Густав рассержено думал, почему старуха сама не может гоняться за своими отпрысками. Почему он вообще должен этим заниматься? Надо было соглашаться на возможность покинуть деревню. А теперь он ввязался в какую-то очередную жуткую ситуацию. Он огрел настоятеля храма поленом (причем к Серванасу даже Густав относился с почтением), украл ключи, вскрыл детские гробы, забрал младенцев и вместо них напихал в гробы валявшиеся вокруг камни, а затем еще умудрился заколотить ящики обратно, чтобы никто не заметил подмены. Теперь же он тащил на своих плечах два безмолвных свертка. Малыши как будто спали беспробудным сном. Внешне они ничем не отличались от обычных новорожденных, может, только цвет их кожи был слишком бледный. Густав даже разок остановился и приложил ухо к одному из детей, чтобы услышать сердцебиение, но его не было. Густав уже совсем не понимал, что наделал. Ему было велено отнесли детей к озеру. А дальше что? Ну бросит он их там, а что с ними будет? А если сын этой ведьмы, или кто он ей там, не придет, может, он и сам уже помер, что будет с детьми? Их съедят лесные звери, скорее всего. Густава передернуло от этой мысли. Ему вдруг стало страшно и одновременно противно оттого, что он жертва чужих семейных дрязг и вынужден участвовать в каком-то скверном деле. Густав всю оставшуюся жизнь будет мучиться тем, что детей не похоронили по-человечески, и их сожрали в итоге еноты или крысы.
Наконец, впереди, забрезжили блики озера. Тихое и спокойное, как обычно, оно сразу освежило мысли Густава, и в душе его вдруг поселилась капля надежды. Ведьма заколдовала его, Густава, значит, и с детьми она точно знает, что делает, и они не останутся тут на произвол судьбы.
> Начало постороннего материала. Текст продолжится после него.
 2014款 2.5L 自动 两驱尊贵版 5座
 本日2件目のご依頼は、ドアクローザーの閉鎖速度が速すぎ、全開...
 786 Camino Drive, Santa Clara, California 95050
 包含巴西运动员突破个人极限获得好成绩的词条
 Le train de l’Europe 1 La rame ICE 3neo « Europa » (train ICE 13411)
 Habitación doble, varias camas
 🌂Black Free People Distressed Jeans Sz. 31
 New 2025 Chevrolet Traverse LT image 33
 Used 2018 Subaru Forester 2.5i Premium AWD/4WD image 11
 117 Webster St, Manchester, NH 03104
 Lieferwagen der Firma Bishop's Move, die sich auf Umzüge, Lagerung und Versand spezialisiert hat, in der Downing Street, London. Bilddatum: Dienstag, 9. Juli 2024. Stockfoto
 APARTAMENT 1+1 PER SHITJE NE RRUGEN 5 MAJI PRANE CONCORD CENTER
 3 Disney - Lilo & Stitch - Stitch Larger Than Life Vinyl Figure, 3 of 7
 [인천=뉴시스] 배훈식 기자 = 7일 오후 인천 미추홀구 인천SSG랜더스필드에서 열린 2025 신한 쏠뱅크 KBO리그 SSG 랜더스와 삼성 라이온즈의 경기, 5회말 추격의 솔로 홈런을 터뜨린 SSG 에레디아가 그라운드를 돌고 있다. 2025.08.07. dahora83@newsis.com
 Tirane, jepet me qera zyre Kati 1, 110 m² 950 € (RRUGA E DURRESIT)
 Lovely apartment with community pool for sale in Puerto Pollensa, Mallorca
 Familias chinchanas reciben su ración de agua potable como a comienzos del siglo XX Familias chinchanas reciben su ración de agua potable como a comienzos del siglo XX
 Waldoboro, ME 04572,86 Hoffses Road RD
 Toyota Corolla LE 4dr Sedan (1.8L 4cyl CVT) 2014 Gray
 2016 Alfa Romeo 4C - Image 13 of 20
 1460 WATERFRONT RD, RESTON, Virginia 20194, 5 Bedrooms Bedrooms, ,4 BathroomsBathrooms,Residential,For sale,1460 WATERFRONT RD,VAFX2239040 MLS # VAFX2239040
Он подошел к кромке воды и закричал:
— Слышь, чертово отродье! Если ты здесь, я принес твоих… — он не знал, как обозвать детей правильно, — …карасиков. Мамаша твоя, или кто она там, обещала снять с меня проклятье, и я очень надеюсь, что она выполнит свою часть уговора.
Густав уже хотел было положить свертки на песок, но тут увидел, что из воды медленно встал силуэт. В черноте ночи лицо его не просматривались. Но Густав узнал эту позу: сидящий в воде человек с длинными волосами. Черный силуэт подполз к берегу. Теперь Густав уже отчетливо видел водяного: это был крупный мужчина, наверное, больше Густава раза в два, но хилый, худой, с впалой грудью, но жилистый: вены выпирали из-под его напряженных плеч, под пупком тело его переходило в мощный рыбий хвост.
Водяной протянул мощные когтистые руки. Густав, как завороженный, не сказав ни слова, тут же дал ему одного младенца. Водяной распеленал его, бросил пеленку на песок, а ребенка, держа его под голову двумя руками, опустил под воду.
Густав хотел было закричать на водяного, даже он уже не выдерживал настолько негуманного отношения к младенцам.
— Что ты… — только и успел сказать он, как вдруг увидел, что обездвиженный и бездыханный младенец замотал руками, открыл рот и изо рта его всплыло несколько пузырьков воздуха.